↓↓↓

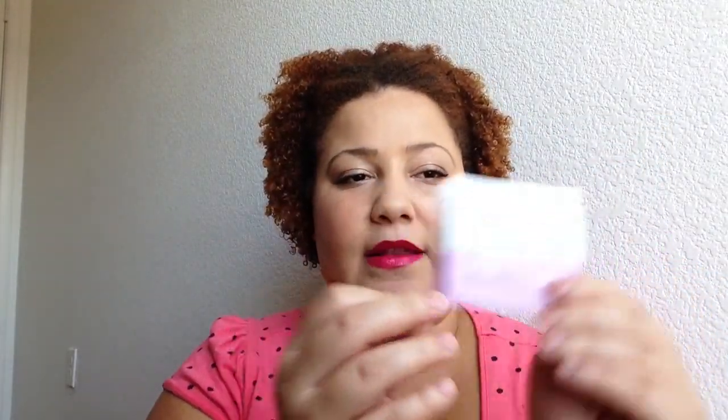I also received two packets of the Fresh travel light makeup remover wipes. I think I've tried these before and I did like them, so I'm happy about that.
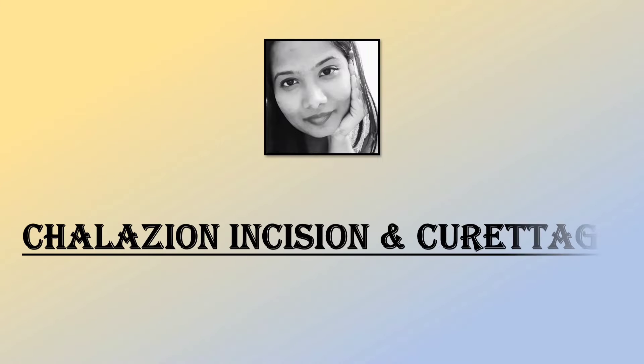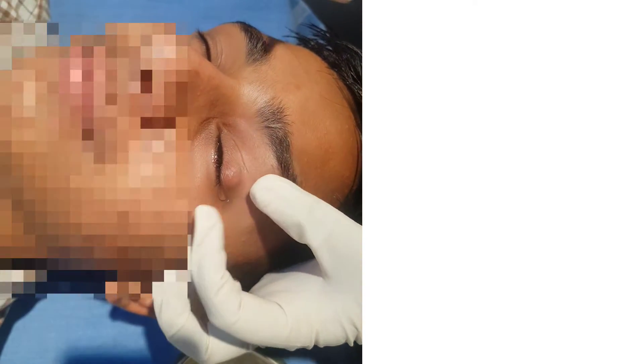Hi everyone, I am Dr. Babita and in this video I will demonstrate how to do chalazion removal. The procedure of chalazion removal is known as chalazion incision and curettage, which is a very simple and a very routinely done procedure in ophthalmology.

↑↑↑
↓↓↓

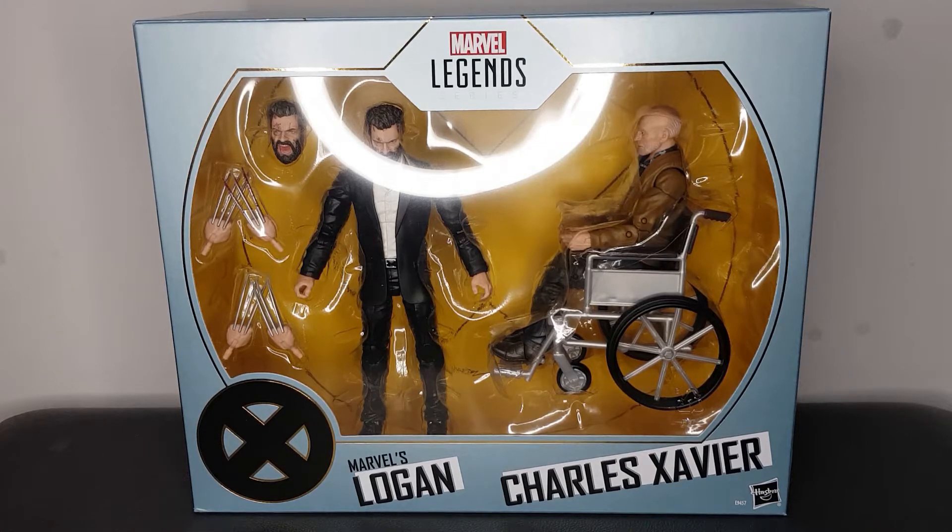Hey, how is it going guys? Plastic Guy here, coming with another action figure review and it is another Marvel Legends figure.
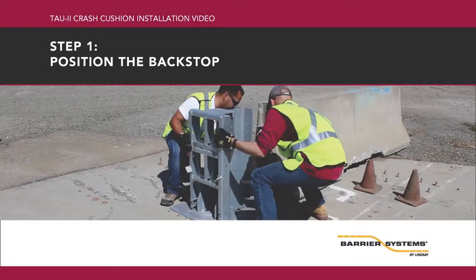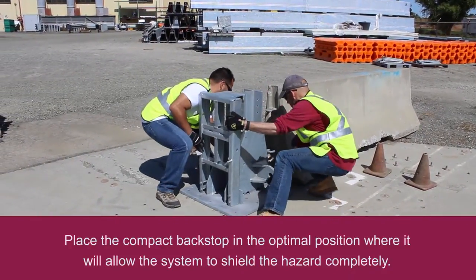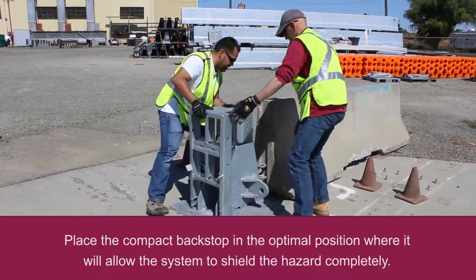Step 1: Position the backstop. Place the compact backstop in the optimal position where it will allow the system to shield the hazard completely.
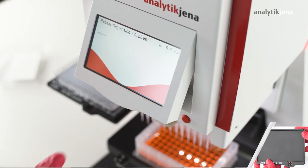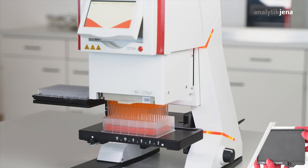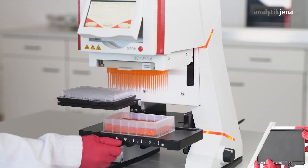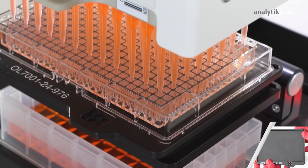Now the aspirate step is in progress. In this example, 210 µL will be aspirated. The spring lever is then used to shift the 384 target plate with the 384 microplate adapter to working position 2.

↑↑↑

INSTRUCTIONS FOR THE TASK:
Write out word for word the lines of the listing above from the line with "Step 1: Position" to the line with "Now the aspirate", taking in both of those lines but no pictures.

EXERCISE SOLUTION:
Step 1: Position the backstop. Place the compact backstop in the optimal position where it will allow the system to shield the hazard completely.
Now the aspirate step is in progress. In this example, 210 µL will be aspirated. The spring lever is then used to shift the 384 target plate with the 384 microplate adapter to working position 2.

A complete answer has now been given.